Ok, so, yeah. Maybe we do parent a little differently a few weeks a year in New Orleans. Somehow it feels normal, and despite all of it seeming counter-intuitive to the unfamiliar, most of us turn out just fine. But really, can you imagine things any other way?

Lindsay is a native New Orleanian, displaced only by her years at Mississippi State, where she earned a B.S. in Wildlife and Fisheries and a minor in English. She came home shortly after Katrina, to work as a zookeeper and be a part of the rebuilding of her beloved city. She dragged her husband Drake, a Tennessee native, along with her. Their son Bennett joined the family in 2010, and in 2014 they welcomed identical twin girls, Genevieve and Kellen Clair. She now works full-time as an Environmental Scientist while working on her Master's and serving part-time as NOM’s resident Jill of All Trades. Powered by espresso, cake, and craft beer, her happy place is on a beach or in the woods. Need to identify a plant, tree, or animal? Lindsay’s a wealth of random knowledge. She loves to cook and sprinkle a little glitter on everything.


  1. This is so true, and funny! 99% of the time I am primarily a mom with “me” on the back burner but I Mardi Gras I have the chance to perfectly blend those two aspects of my persona. I guess I does sound horrifying to some people, but I just stocked up on gummy fruit snacks, junky single serve cereal cups, single serve Mac and cheese cups, and Capri sun for Mardi Gras. I remember last st Patricks day my 3 year old’s favorite thing was getting to pee in a port o let in the back of a pickup truck!

  2. It’s how I do. 🙂

    Just keep the kids away from those clouds of slightly blue smoke that smell kind of funky and don’t take your kids to adult parades and then get upset at the parades.

    Everything else is gravy. 🙂

  3. You NAILED IT. “Parents will readily hand their children over to friendly faced strangers. Where’d you go to high school? Ben Franklin?

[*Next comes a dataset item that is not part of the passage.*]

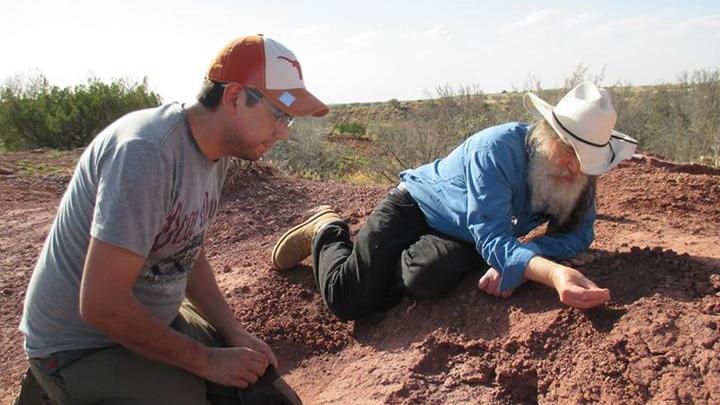 Excavación con Robert Bakker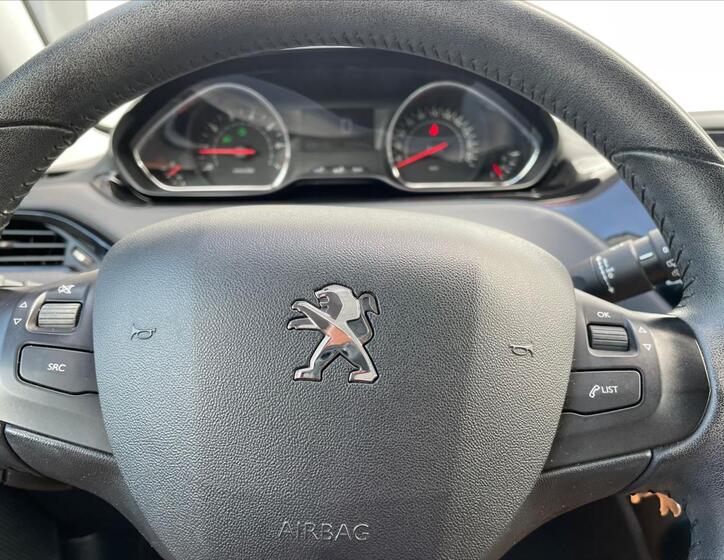 Peugeot 208 19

Yeah, you can hold my baby.”

  4. Perfect…..Born and raised here and at 15, I was in charge of the blender because “my pina coladas were the best”. LOL!!! Now my 17 year old and 10 year old are old pros at parades. People who think that Mardi Gras is NOT a family event have only watched it on tv or on Bourbon Street. Thanks for this!!!

  5. Lindsey, One of Curtis’ friends that I am friends with as well since grade school had your blog about Mardi Gras posted . I didn’t know it was your blog until I read it. I grew up in New Orleans and we would go out on the Ave. ( St.Charles Ave ) for all of the parades and on Mardi Gras day we would go and set up in front of St. Charles Ave. Presbaterian Church for the whole day. I had the best time and things were a lot more simple then they are now, but Mardi Gras brings out the most fun in people. When my own kids were young, we went out of town for many Mardi Gras seasons and I feel like I robbed them of a New Orleans tradition. Going to a parade in Mandeville just does not hold a candle to a parade in New Orleans. Glad you are letting your precious children enjoy the real thing.